Distribution, Competition, and Antitrust / IP Law

Can a Litigation Settlement Violate the Antitrust Laws? — Part I

Here’s a longer post on a substantive legal issue.  I hope to do these from time-to-time.

On the one hand, the law strongly favors settlements. On the other, Section 1 of the Sherman Act, 15 U.S.C. § 1, condemns certain horizontal agreements between or among competitors, including certain agreements relating to price, as per se illegal.

In light of these potentially competing principles, I consider here whether the settlement of litigation by two rivals (for example, one company’s Section 2 attempted monopolization claim against another) can lawfully include provisions that, but for the ongoing litigation and its settlement, might be argued (most likely, by third parties) to constitute Section 1 violations. For example, what if one company, in a settlement of attempted monopolization litigation, promises the other company that it will not give certain discounts to certain classes of customers?

Although some of the general principles here would also apply to other types of claims, I’ll largely stick with Section 2 claims as an example, for the sake of simplicity. (It makes little sense to consider horizontal restraints in the context of a settlement of Section 1 horizontal restraint litigation, but such restraints are conceivable.)

A starting point for consideration is the treatment of the settlement of patent claims. In the context of settling patent claims, courts generally have taken the view that if the settlement does not impose restrictions (even horizontal ones) that are broader than the plaintiff’s rights under the patent(s) in question, then the restrictions are not per se unlawful. Instead, they can only be condemned after, at a minimum, a “quick look”-type analysis that considers various factors, including potential anti-competitive effects. See generally Christopher M. Holman, Do Reverse Payment Settlements Violate the Antitrust Laws?, 23 SANTA CLARA COMPUTER & HIGH TECH. L.J. 489 (2007). One of the reasons courts have ruled as they have is that a patent is presumably valid under patent law – and if it is, the patentee enjoys a right to exclude granted by the federal government.1

How does the patent approach translate to the settlement of antitrust litigation that does not involve, or does not primarily involve, patent claims? In this context, unlike in the patent context, there is no underlying legal right to exclude a competitor. We have to reason by analogy, given a relative dearth of case law. To some extent, we may have to assume that the general principles derived from intellectual property (“IP”) cases still hold in cases where IP rights are not at issue, and we cannot completely eliminate the risk that a court would conclude that the same principles do not apply.

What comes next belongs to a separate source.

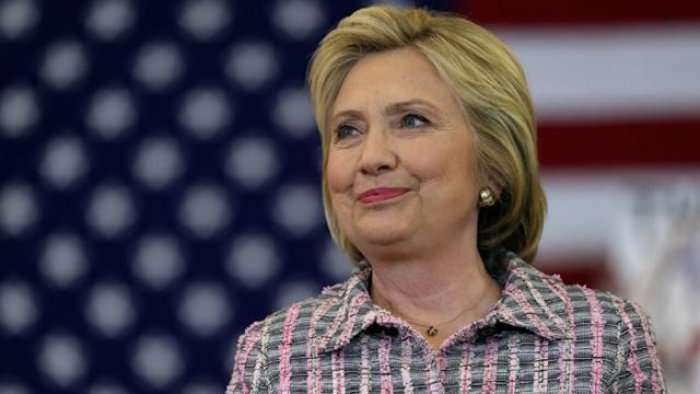 Hillary Clinton i del në mbrojtje bashkëshortit pas tradhtisë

There are reasons to think the analogy holds, and reasons to think that it may not. Supporting application of the same principles are the following: (i) the law’s strong policy in favor of settlements and (ii) the fact that while a patent confers a lawful background, or baseline, against which to measure a horizontal agreement, so too does an antitrust Section 2 judgment, or the right to obtain such a judgment under Section 4 of the Clayton Act. Cf. Blackburn v. Sweeney, 53 F.3d 825 (7th Cir. 1995) (at least suggesting that a settlement agreement imposing restrictions within the zone that might be imposed by future litigation would not be per se unlawful); Clorox Co. v. Sterling Winthrop, Inc., 117 F.3d 50 (2d Cir. 1997) (trademark agreement precluding certain advertisements and uses of trademark not per se unlawful, in part because trademarks are themselves not exclusionary).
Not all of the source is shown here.